ERROR: Error: `path` does not exist: ‘Data_User_Modeling_Dataset_Hamdi Tolga KAHRAMAN.xls’


In [None]:
user_summary <- user_knowledge_training |>
    group_by(UNS)|>
    summarize (mean_of_STG = mean(STG),
               mean_of_SCG = mean(SCG),
               mean_of_LPR = mean(LPR),
               number_of_UNS = n())
user_summary

In [None]:
options(repr.plot.width = 10, repr.plot.height = 8)
STG_vs_UNS_hist <- user_knowledge_training|>
    ggplot(aes(x=STG, fill=UNS))+
    geom_histogram(bins=45, alpha=0.6, position="identity")+
    labs(x="STG(The degree of study time)", y="Count", title = "STG Distribution", caption="Figure 1", fill = "User Knowledge level")+
    theme(text = element_text(size = 20))
STG_vs_UNS_hist

In [None]:
options(repr.plot.width = 10, repr.plot.height = 8)
SCG_hist <- user_knowledge_training|>
    ggplot(aes(x=SCG, fill=UNS))+
    geom_histogram(bins=45, alpha=0.6, position="identity")+
    labs(x="SCG(The degree of repetition number)", y="Count", title = "SCG Distribution", caption="Figure 2", fill = "User Knowledge level")+
    theme(text = element_text(size = 20))
SCG_hist

In [None]:
options(repr.plot.width = 10, repr.plot.height = 8)
STR_hist <- user_knowledge_training|>
    ggplot(aes(x=STR, fill=UNS))+
    geom_histogram(bins=45, alpha=0.6, position="identity")+
    labs(x="STR(The degree of study time for related objects)", y="Count", title = "STR Distribution", caption="Figure 3", fill = "User Knowledge level")+
    theme(text = element_text(size = 20))
STR_hist

In [None]:
options(repr.plot.width = 10, repr.plot.height = 8)
LPR_hist <- user_knowledge_training|>
    ggplot(aes(x=LPR, fill=UNS))+
    geom_histogram(bins=45, alpha=0.6, position="identity")+
    labs(x="LPR(The exam performance for related objects )", y="Count", title = "LPR Distribution", caption="Figure 4", fill = "User Knowledge level")+
    theme(text = element_text(size = 20))
LPR_hist

In [None]:
options(repr.plot.width = 10, repr.plot.height = 8)
PEG_hist <- user_knowledge_training|>
    ggplot(aes(x=PEG, fill=UNS))+
    geom_histogram(bins=45, alpha=0.6, position="identity")+
    labs(x="PEG(The exam performance for goal objects)", y="Count", title = "PEG Distribution", caption="Figure 5", fill = "User Knowledge level")+
    theme(text = element_text(size = 20))
PEG_hist

# Methods
After visualizing the histogram of each variable which is colored by UNS(The knowledge level of the users), we choose the following variables. We can create a KNN classification model to predict user knowledge level.
- UNS (The knowledge level of user)
- PEG (The exam performance of user for goal objects)
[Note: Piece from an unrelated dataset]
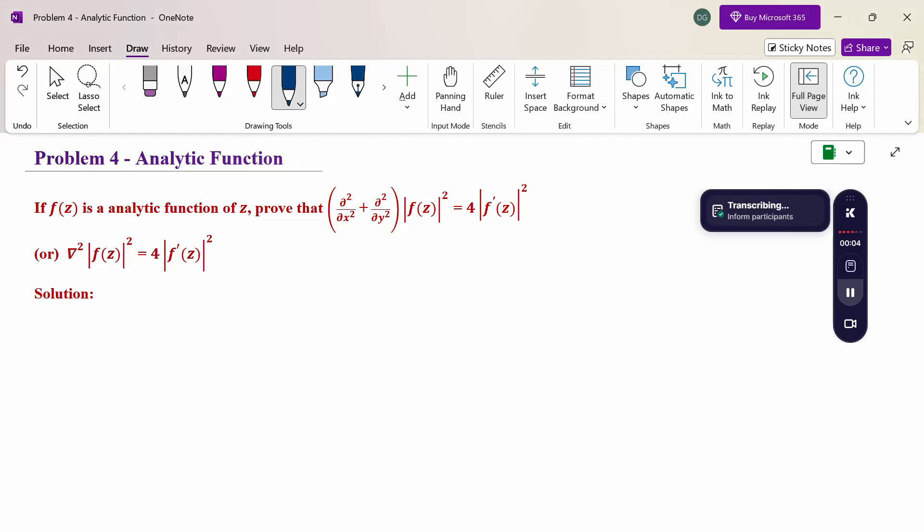Hello everyone, I am Dr. Goddanda Raman. In this section we are going to discuss an analytic function problem. Look at this problem.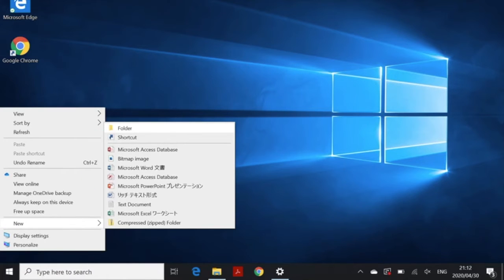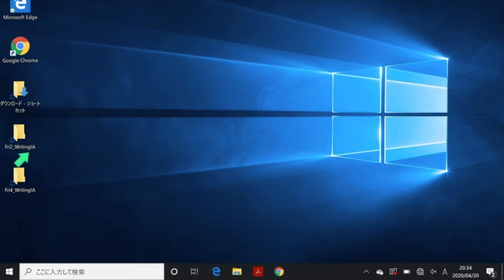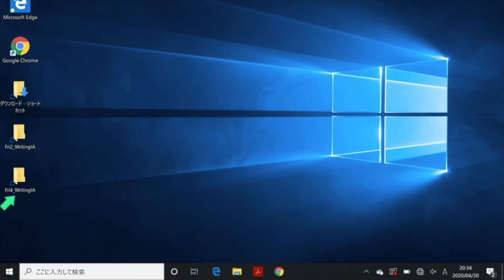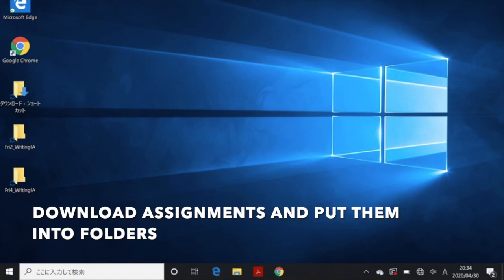Then choose Folder, and you can create folders like this and name them according to the classes you have, like Friday 2nd period writing 1a, Friday 4th period writing 1a. Maybe you can download student assignments and sort them into these folders.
The KNN classification model will need to be trained, evaluated, and tuned with training and testing sets before predicting the knowledge level of users. Comparing the histogram of each variable, Figure 5 (PEG Distribution) has less overlap with each knowledge level, which means that PEG has a stronger relevance with UNS compared to other variables. Therefore, the PEG variable will be the useful predictor we are using to do a more effective model.

How to visualize:
One way we will visualize the results would be through the utilization of a histogram. This will help us to analyze the predictors that are relevant to the knowledge of the users by visualizing the distribution of the effects of the predictors on the knowledge level.

# Expected Outcomes and significance
### Expect to find
- Given the user knowledge data, we have the expectation of determining the most effective predictor in the students’ knowledge on Electrical DC Machines when tested.
### Impact of findings
- The impact of our findings is that we determine the predictor that best correlates with students’ knowledge. We can use this information to apply to areas of study other than solely Electrical DC Machines. 
### Future questions
- Future questions could look at different predictors and their effect on user knowledge when examined on Electrical DC Machines. Different predictors include those not within this particular data set. For example, how strongly is room temperature associated with user knowledge when conducting the same study methods?